Six Honest Serving Men and Women
I KEEP six honest serving-men (They taught me all I knew); Their names are What and Why and When and How and Where and Who.
Rudyard Kipling Just So Stories for Little Children, 1902
https://www.kiplingsociety.co.uk/poems_serving.htm
Every Journalist knows Kipling's approach to enquiry. Hopefully the questions raised by Jim Glocking of RISCAuthority and the Special Projects Group of the Fire Protection Association will get the serious attention they deserve. The Fire Protection Association has published a Report of their research dated 22 February 2018 sent to Judith Hackitt's Review of the Building Regulations and the Grenfell Tower Inquiry:
CLADDING APPROVALS A review and investigation of potential shortcomings of the BS8414 standard for the approval of cladding systems such as those commonly used on tall buildings
https://www.abi.org.uk/globalassets/files/publications/public/property/2018/04/abi-cladding-systems-research-report-2018-04-19.pdf
The Report speaks directly to the SYSTEM test allowed as an alternative to PRODUCT testing in Paragraph 12.5 of Approved Document Part B Volume 2:
Commissioners of the research, the Association of British Insurers, declared in a Press Release on 25 April 2018 '... the utter inadequacy" of BS 8414 external wall system tests. In the Press Release titled "Scale of fire safety testing failures laid bare", Huw Evans, the Director General of the ABI, said:
'Dame Judith Hackitt’s important work post-Grenfell has already recognised the building control system is broken. This latest research is yet more evidence that fundamental reform is needed to keep our homes and commercial premises safe from fire. It is a matter of urgency that we create the right testing regime that properly replicates real world conditions and keeps pace with building innovation and modern design.'
Perhaps a way to understand this is that "building innovation and modern design", or the Government's policy push to "Modern Methods of Construction", has been pursued by gaming the BS 8414 test in both its Parts. The SYSTEM test was developed after the Garnock Court Fire in 1999, when it was recognised that PRODUCT tests were inadequate. The mood reflected by the Select Committee hearing and Report in 1999/2000 was to expect that the external wall shall only be built of non-combustible MATERIAL.
www.publications.parliament.uk/pa/cm199899/cmselect/cmenvtra/741/9072001.htm
www.publications.parliament.uk/pa/cm199900/cmselect/cmenvtra/109/10901.htm
Nick Raynsford, as the Minister responsible at the time, and notably advised by Paul Everall, went on to allow combustible materials to be SYSTEM rather than only PRODUCT tested, and assessed.

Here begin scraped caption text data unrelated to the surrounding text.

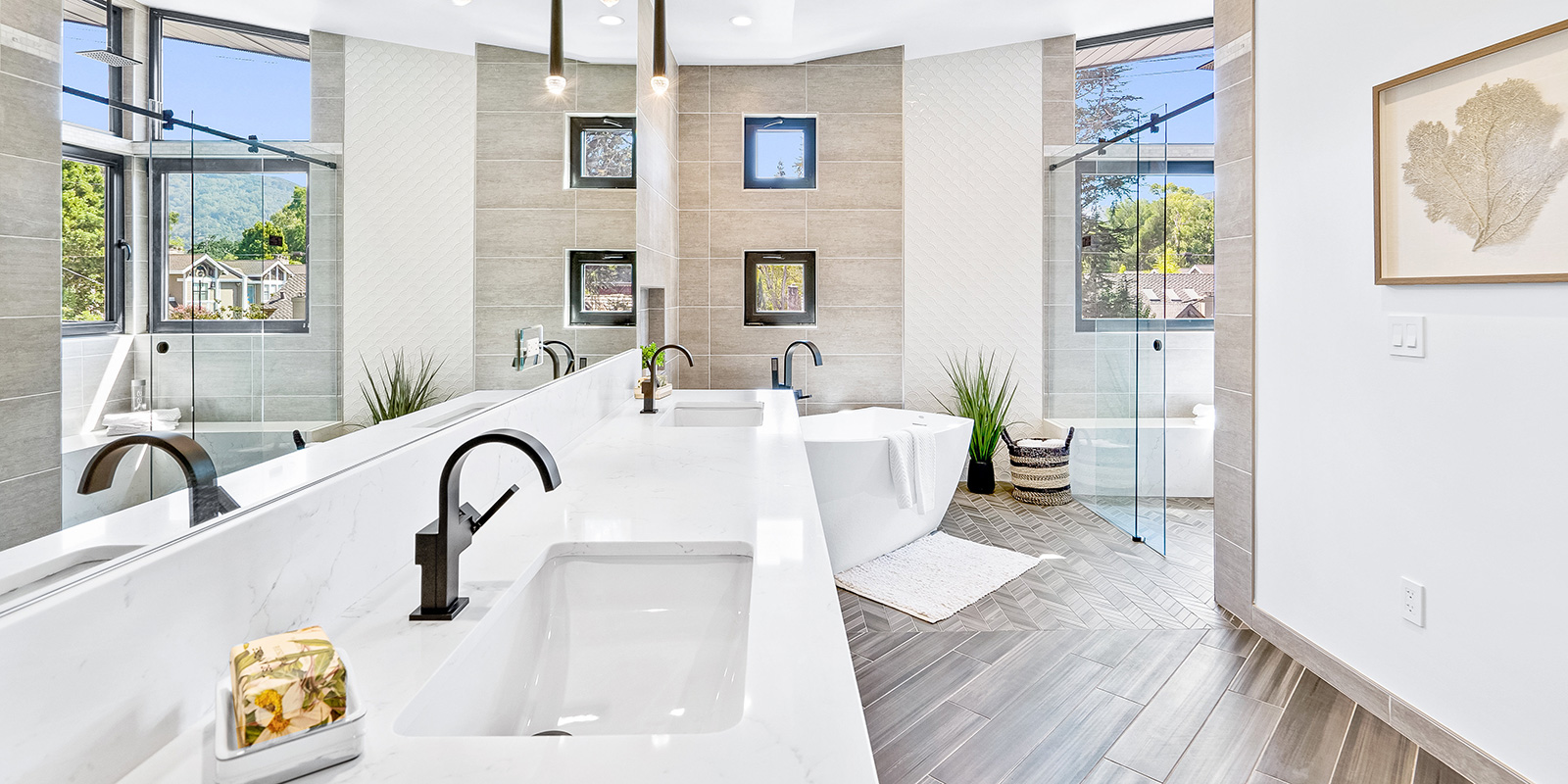 Hay cuatro baños por vivienda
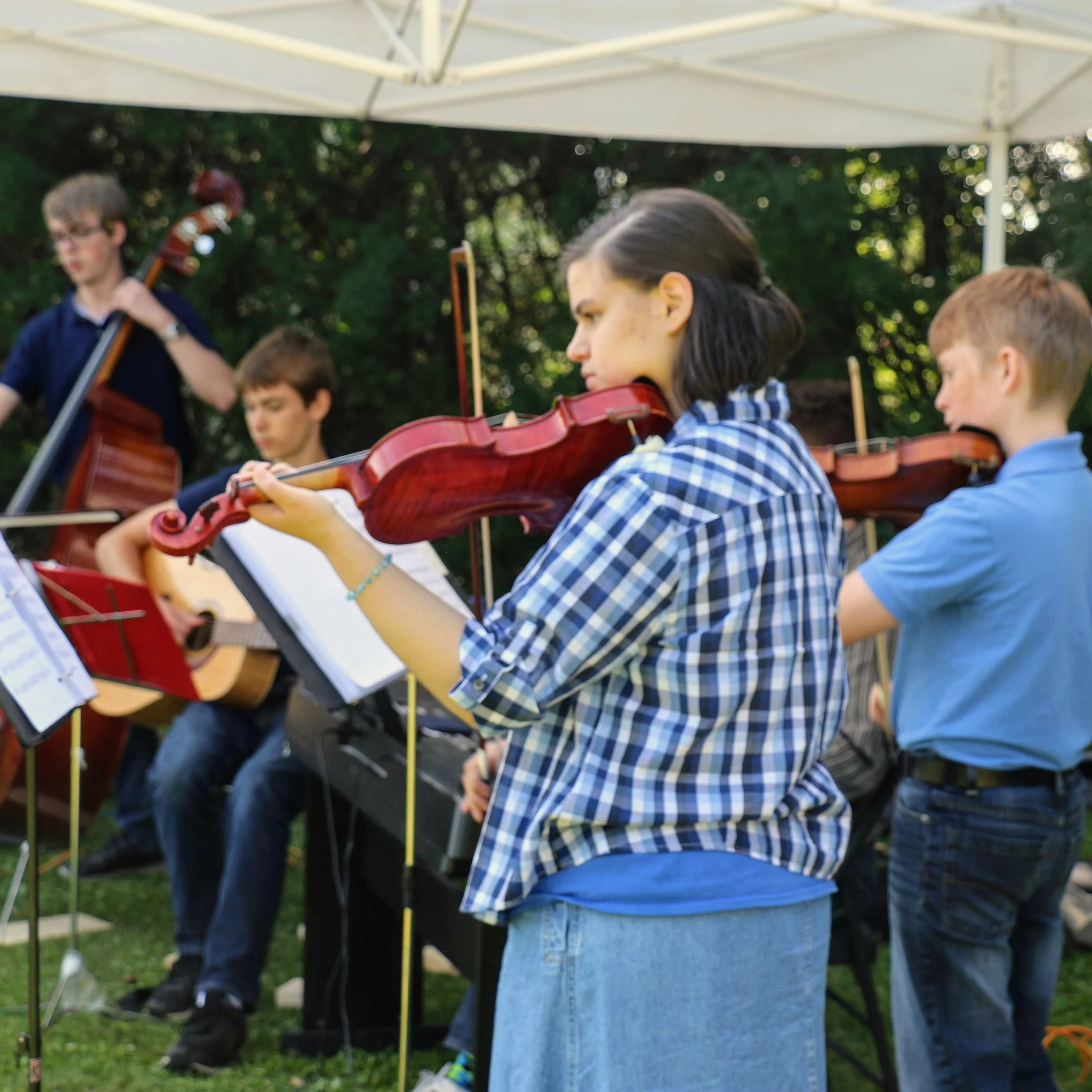 Thank you to our young musicians from Edmonton who came out to offer us live music!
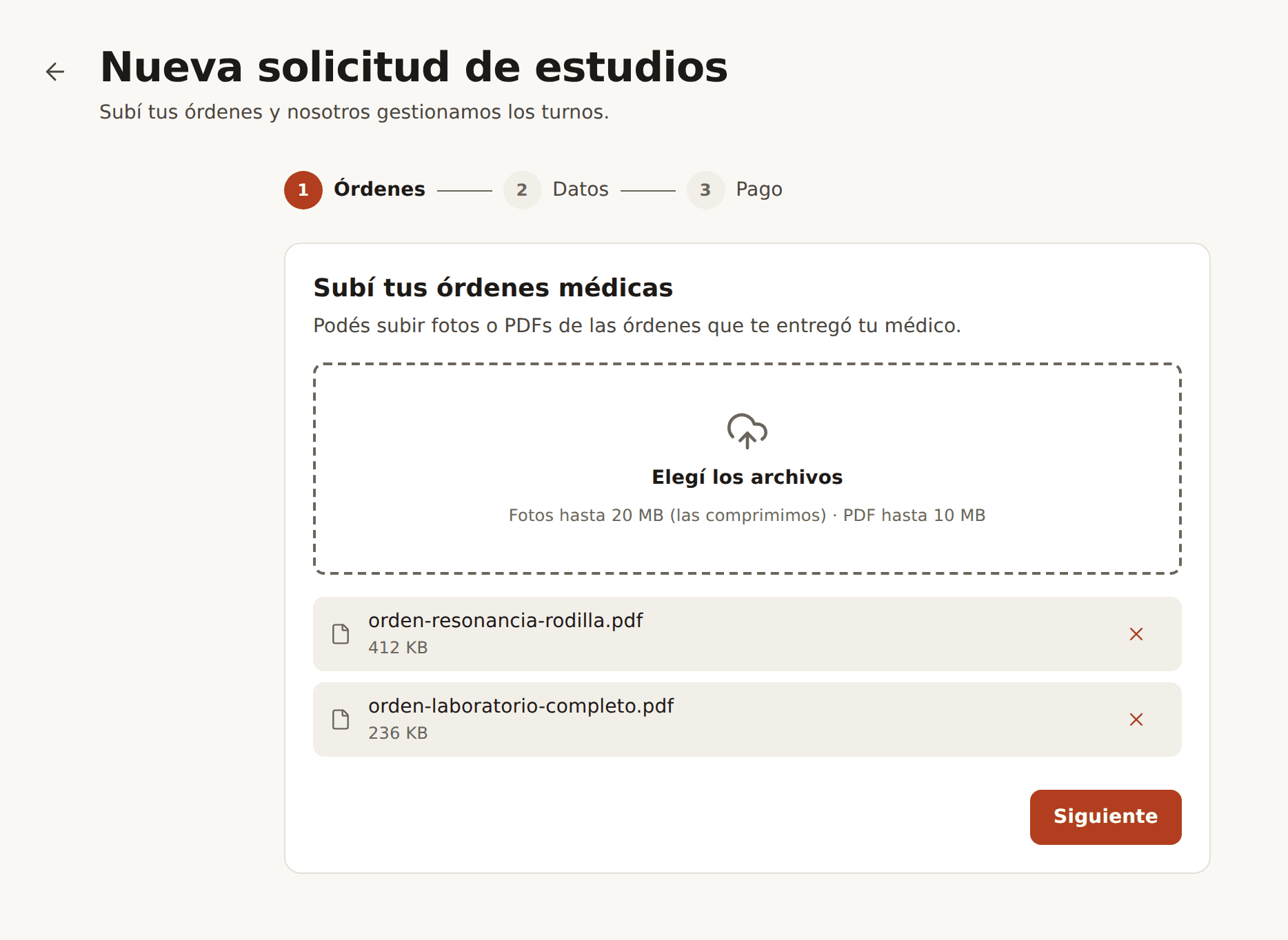 Pantalla de ByPass para pedir estudios: la nueva solicitud en el paso «Órdenes», con dos órdenes médicas cargadas (resonancia de rodilla y laboratorio completo) y el botón «Siguiente».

The Second Special Report – Government Response to the First Report is here:
www.publications.parliament.uk/pa/cm199900/cmselect/cmenvtra/389/38902.htm
Everall has been Chief Executive of LABC, the representative and promotional body for Building Control teams working in local authorities, since its formation in 2005. Raynsford is Chairman of the Construction Industry Council Approved Inspectors Register (CICAIR), and Chairman of both the NHBC Foundation and the NHBC Foundation’s Expert Panel. Both the LABC and NHBC have endorsed BS 8414. The assessment of the BS 8414 test continues in accordance with the BRE's BR 135 Fire performance of external thermal insulation for walls of multistorey buildings, published in 2013 to a Third Edition.
The FPA-RISCAuthority Report just published does not address the BR 135 assessment. It looks at the test.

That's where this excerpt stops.